After running Jenkins with JcasC plugin installed you can easily export the current configuration to the file. First, navigate to section Manage Jenkins -> Configuration as Code.

jcasc-1

Then, after choosing Export Configuration button, the YAML file with Jenkins configuration will be downloaded to your machine. But following the comment visible below you cannot rely on that file, because this feature is still not stable. For my configuration it didn’t export Maven tool settings and list of Jenkins plugins. However, the JcasC plugin is probably still under active development, so I hope that feature will work succesfully soon.

jcasc-2

5. Running sample pipeline

Finally you can create and run pipeline for your sample application.
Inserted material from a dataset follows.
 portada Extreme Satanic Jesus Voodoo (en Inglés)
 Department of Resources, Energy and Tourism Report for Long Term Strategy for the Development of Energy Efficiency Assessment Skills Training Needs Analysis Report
Here’s the definition of my pipeline.

pipeline {
    agent any
    tools {
        maven 'maven'
    }
    stages {
        stage('Checkout') {
            steps {
                git url: 'https://github.com/piomin/sample-spring-boot-autoscaler.git', credentialsId: 'github-piomin', branch: 'master'
            }
        }
		stage('Test') {
            steps {
                dir('example-service') {
                    sh 'mvn clean test'
                }
            }
        }
        stage('Build') {
            steps {
                dir('example-service') {
                    sh 'mvn clean install'
                }
            }
        }
    }
    post {
        always {
            junit '**/target/reports/**/*.xml'
        }
    }
}

Summary

The idea around Jenkins Configuration as Code Plugin is the step in the right direction. I’ll be following the development of this product with the great interest. There are still some features that needs to be added to make it more useful, and some bugs that need to be fixed. But after that I’ll will definitely consider using this plugin for maintaining the current Jenkins master server inside my organization.